JELD-WEN Board of Directors announced the departure of President and CEO, Mark Beck, effective Feb. 27, by mutual agreement. Under the terms of his employment agreement, Beck’s service as a director has also ended. Hachigian, Chairman of the Board and former CEO, will assume Beck’s duties while the Board conducts a search for a new CEO.
“We appreciate Mark’s contributions to the Company during his tenure,” said Hachigian. “JELD-WEN remains committed to delivering long-term value to our shareholders through solid execution on all aspects of our operating model, including operational excellence, profitable organic growth, and strategic M&A. Our strong and experienced executive management team will work closely with me to make this leadership transition seamless for our customers, shareholders and employees.”

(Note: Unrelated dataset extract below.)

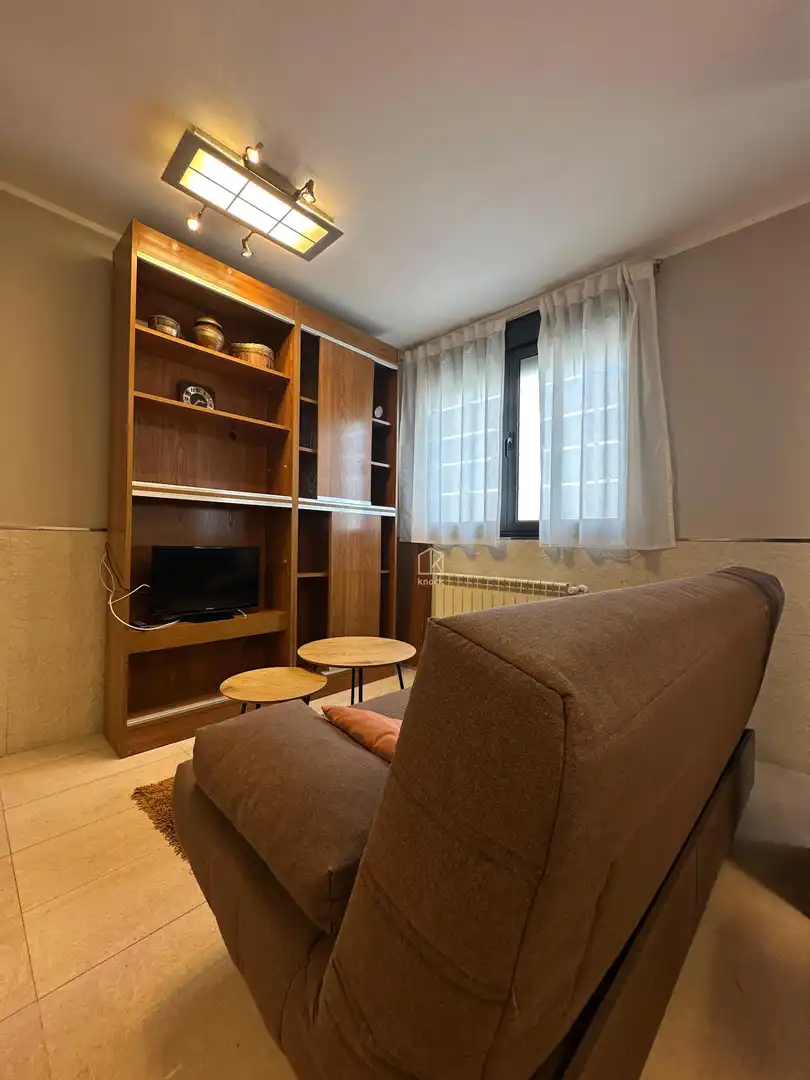 Flat for rent in Oviedo - Calle Tomás Crespo Frígilis, La Ería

Agreement to Acquire American Building Supply, Inc.
JELD-WEN has signed a definitive agreement to acquire all of the outstanding shares of ABS. ABS supports distributors, dealers, and home centers with a broad product range of doors, frames, and hardware for both the residential and commercial markets. Through its Doormerica division, ABS manufactures decorative, specialty, and architectural doors, including the Millennium Door series.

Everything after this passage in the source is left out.